» **DATA FOR ANALYSIS**:
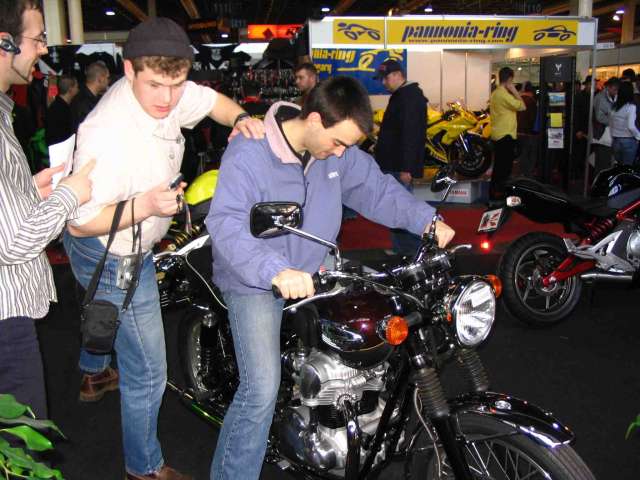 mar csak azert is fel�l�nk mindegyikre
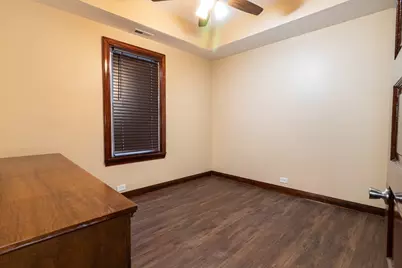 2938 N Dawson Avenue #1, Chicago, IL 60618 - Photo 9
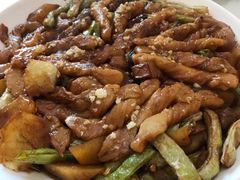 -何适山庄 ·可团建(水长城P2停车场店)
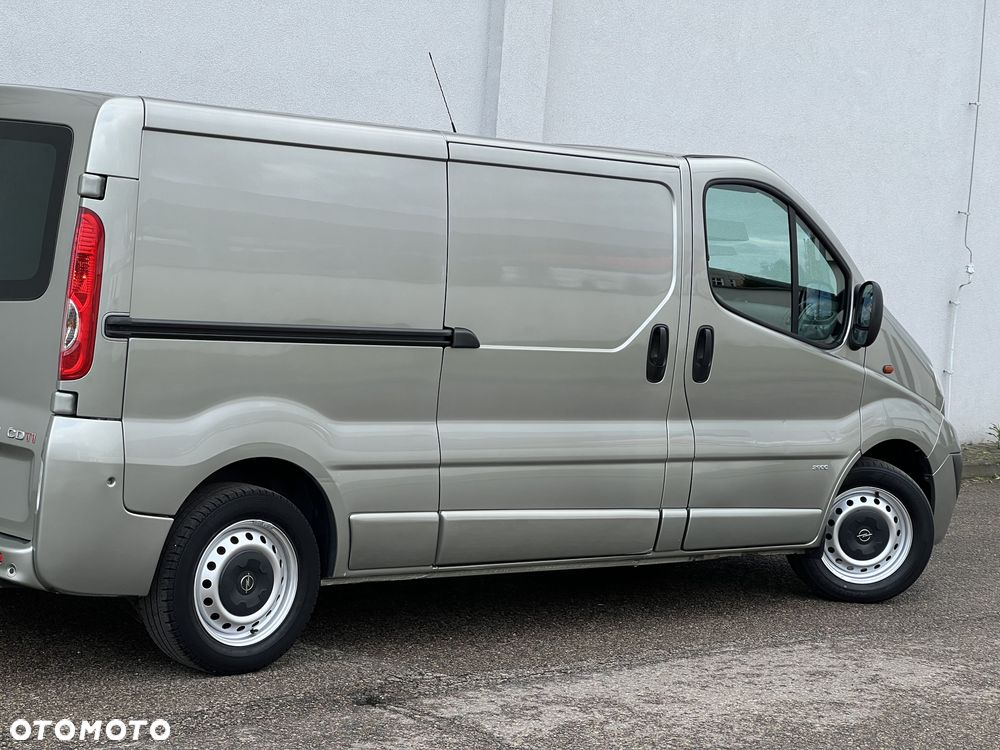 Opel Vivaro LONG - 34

...

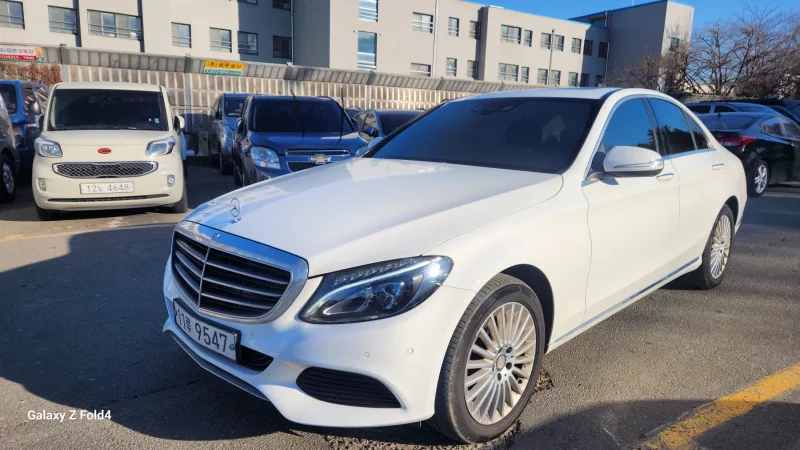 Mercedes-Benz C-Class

» **TASK PROMPT**: Reproduce exactly the lines above that run from the one with "mar csak azert is fel�l�nk mindegyikre" to the one with "Opel Vivaro LONG - 34", both included, leaving pictures out.

» **COMPLETED TASK**:
 mar csak azert is fel�l�nk mindegyikre
 2938 N Dawson Avenue #1, Chicago, IL 60618 - Photo 9
 -何适山庄 ·可团建(水长城P2停车场店)
 Opel Vivaro LONG - 34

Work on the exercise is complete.